> [Exercise description]:
From the line that includes "And that's how" down to the final line of the data below, copy every line exactly and leave the rest out.

Start of Given data

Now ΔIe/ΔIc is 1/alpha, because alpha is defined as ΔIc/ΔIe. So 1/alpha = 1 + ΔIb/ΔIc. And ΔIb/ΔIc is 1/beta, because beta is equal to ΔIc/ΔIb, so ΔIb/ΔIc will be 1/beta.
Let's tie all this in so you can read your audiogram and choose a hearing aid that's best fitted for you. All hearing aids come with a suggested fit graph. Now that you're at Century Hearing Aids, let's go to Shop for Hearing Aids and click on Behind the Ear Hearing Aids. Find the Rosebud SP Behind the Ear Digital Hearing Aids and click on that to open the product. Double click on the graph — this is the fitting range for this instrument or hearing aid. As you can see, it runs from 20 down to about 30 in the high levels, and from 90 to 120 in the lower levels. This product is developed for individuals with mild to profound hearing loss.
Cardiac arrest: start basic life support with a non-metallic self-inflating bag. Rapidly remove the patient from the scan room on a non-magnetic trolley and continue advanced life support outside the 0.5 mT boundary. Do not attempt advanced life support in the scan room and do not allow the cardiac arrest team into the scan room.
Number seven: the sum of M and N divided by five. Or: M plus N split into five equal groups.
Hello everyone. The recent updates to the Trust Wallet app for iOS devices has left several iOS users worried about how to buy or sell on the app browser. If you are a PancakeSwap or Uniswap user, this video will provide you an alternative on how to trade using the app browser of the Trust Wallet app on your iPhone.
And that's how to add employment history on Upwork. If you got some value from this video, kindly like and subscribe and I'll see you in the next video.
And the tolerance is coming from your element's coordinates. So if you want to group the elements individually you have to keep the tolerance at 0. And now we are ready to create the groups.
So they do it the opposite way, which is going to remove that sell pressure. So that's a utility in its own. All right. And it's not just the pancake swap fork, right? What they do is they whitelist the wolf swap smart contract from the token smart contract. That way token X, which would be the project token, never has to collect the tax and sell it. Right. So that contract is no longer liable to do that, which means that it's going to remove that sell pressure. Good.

End of Given data

> [Completed task]:
And that's how to add employment history on Upwork. If you got some value from this video, kindly like and subscribe and I'll see you in the next video.
And the tolerance is coming from your element's coordinates. So if you want to group the elements individually you have to keep the tolerance at 0. And now we are ready to create the groups.
So they do it the opposite way, which is going to remove that sell pressure. So that's a utility in its own. All right. And it's not just the pancake swap fork, right? What they do is they whitelist the wolf swap smart contract from the token smart contract. That way token X, which would be the project token, never has to collect the tax and sell it. Right. So that contract is no longer liable to do that, which means that it's going to remove that sell pressure. Good.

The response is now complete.